Имеющие уши могли услышать, как шиши на всех трех проспектах скандировали под шагающий ритм и бой барабанов и колотушек праздничные говорки:
Мы, шиши, идем, идем,
Песню с присвистом поем,
Про шары воздушные, мыльные, искусные.
Стук, стук, стук,
В сотни рук
Приударим, братцы, вдруг.
Стук, стук, стук, БАЦ!!!
Вдоль берега залива, по обе стороны реки Смоленки, главшишовые пикеты встречали прибывающие с острова отряды пузырников и выстраивали их в шахматном порядке, чтобы во время мыльной атаки они могли меняться местами, обеспечивая беспрерывность работы по методу английских лучников. Длина шеренг, выстроенных вдоль залива, составляла двести пятьдесят один метр — равная длине Шишового, то есть Днепровского, переулка. К тому же каждый шиш-пузырник из своей чекушки выпускал по двести пузырей в сторону залива. Можно представить, какой в результате возникал запоминающийся эффект.

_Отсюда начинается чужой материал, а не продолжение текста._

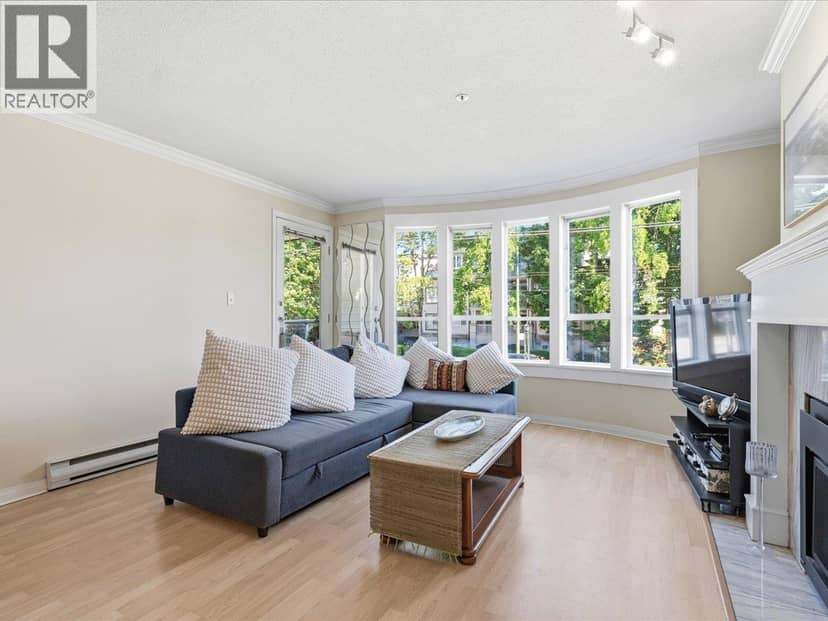 201 3220 W 4th Avenue, Vancouver, photo 3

Торжество началось с колотушного боя. Сто пятьдесят шишей-колотушников лупили в разного рода деревяшки, железки и барабаны в течение двух минут и мгновенно оборвали этот страшенный шурум-бум-бум. В полной тишине с пня-трона встал Великий повелитель островных шишей и, обратившись к построению пузырников, на древнешишовом языке произнес рацею:
Айнэ-дэву,
Рики-факи,
Торба-ерба,
Он дэсмаки,
Турба-урба,
Сенти-браки,
Геус-деус,
Шахма-беус,
БАЦ!!!
Толмачи-ассистенты переводили его старинную феню на доступный для всех язык:
Здравствуйте, шиши разные,
Пузырные и праздные,
Друзья сердечные,
Шиши запечные.
Начинайте гулять,
Пузыри пускать,
Цветные и нескушные,
Мыльные, воздушные.
Ац, хац, драц,
Дзуба, дзуба — БАЦ!!!
Во время скандирования виршей толмачами правый адъютант подал Генералиссиму деревянную киянку, левый подставил блинную сковородку. Первоглавный на слово «БАЦ» с размаху ударил по ней, и в воздух взлетел самый большой мыльный шар-пузырь красного цвета, произведенный орденоносным шишовым бойцом, и за ним пошло-поехало. Вокруг священного пня Генералиссима в небо поднимались букеты красных, синих, зеленых и перламутровых пузырей, а за ними, по всей длине построения фаланг по заливу, одновременно в воздух взлетели тысячи разноцветных мыльных шаров. Поднимаясь вверх, они подсвечивались встающим на востоке солнцем, и возникало абсолютно волшебное зрелище — становилось так прекрасно, что береговые вороны от удивления необыкновенной красотой замолкли напрочь и уже не каркали, а вшивые чайки в испуге прекратили пикировать на воды залива. Все, что летало, бегало, ползало, шевелилось, — остановилось и более не двигалось, чтобы не мешать фантастической мыльной красоте.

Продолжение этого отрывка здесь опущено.